DATASET CONTENT:
════════
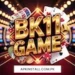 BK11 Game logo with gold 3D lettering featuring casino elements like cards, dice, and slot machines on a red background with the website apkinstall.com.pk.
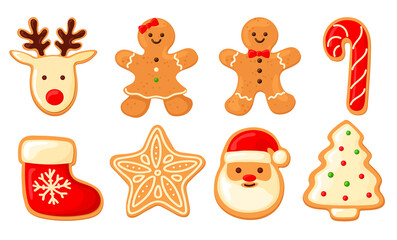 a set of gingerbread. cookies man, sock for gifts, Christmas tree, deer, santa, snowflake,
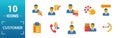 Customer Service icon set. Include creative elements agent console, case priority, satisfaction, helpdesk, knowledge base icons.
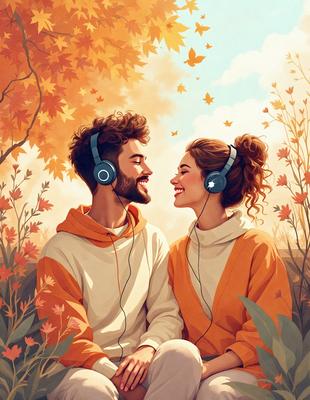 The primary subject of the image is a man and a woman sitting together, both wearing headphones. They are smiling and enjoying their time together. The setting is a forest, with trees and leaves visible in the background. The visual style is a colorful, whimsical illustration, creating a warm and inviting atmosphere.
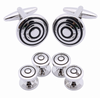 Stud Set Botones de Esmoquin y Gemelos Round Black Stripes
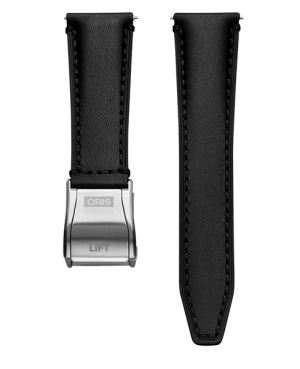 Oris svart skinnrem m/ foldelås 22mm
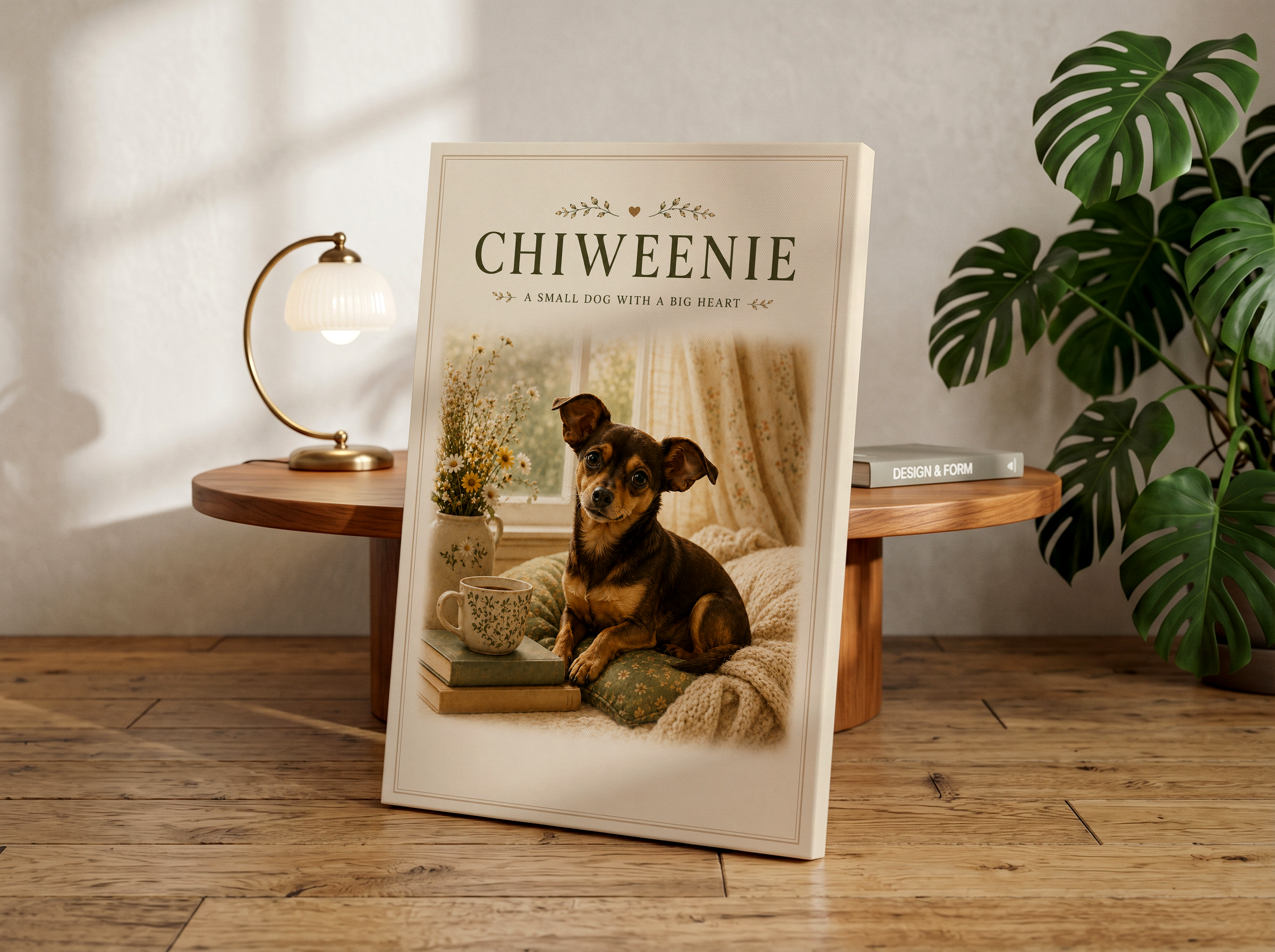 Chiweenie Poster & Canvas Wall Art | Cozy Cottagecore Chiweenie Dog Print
════════
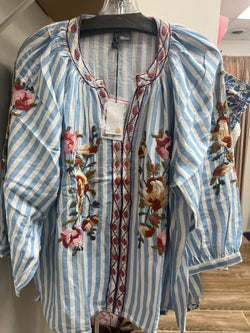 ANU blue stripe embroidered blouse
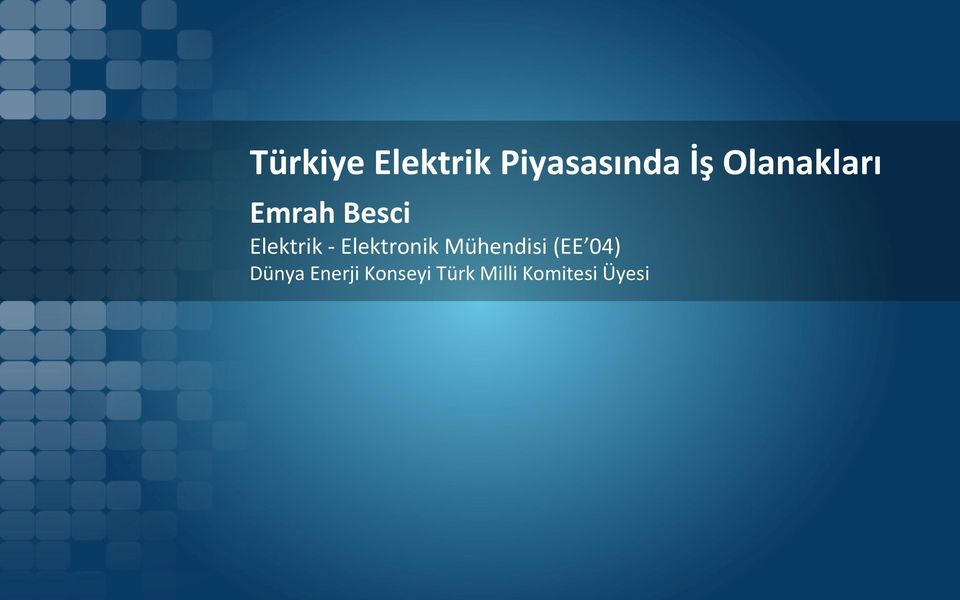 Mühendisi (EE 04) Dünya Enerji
════════
GOAL OF THE EXERCISE: Those lines of the records above that run from the one containing "Oris svart skinnrem m/ foldelås 22mm" through the one containing "Chiweenie Poster &" should be returned exactly, with no pictures among them.

PROBLEM SOLUTION:
 Oris svart skinnrem m/ foldelås 22mm
 Chiweenie Poster & Canvas Wall Art | Cozy Cottagecore Chiweenie Dog Print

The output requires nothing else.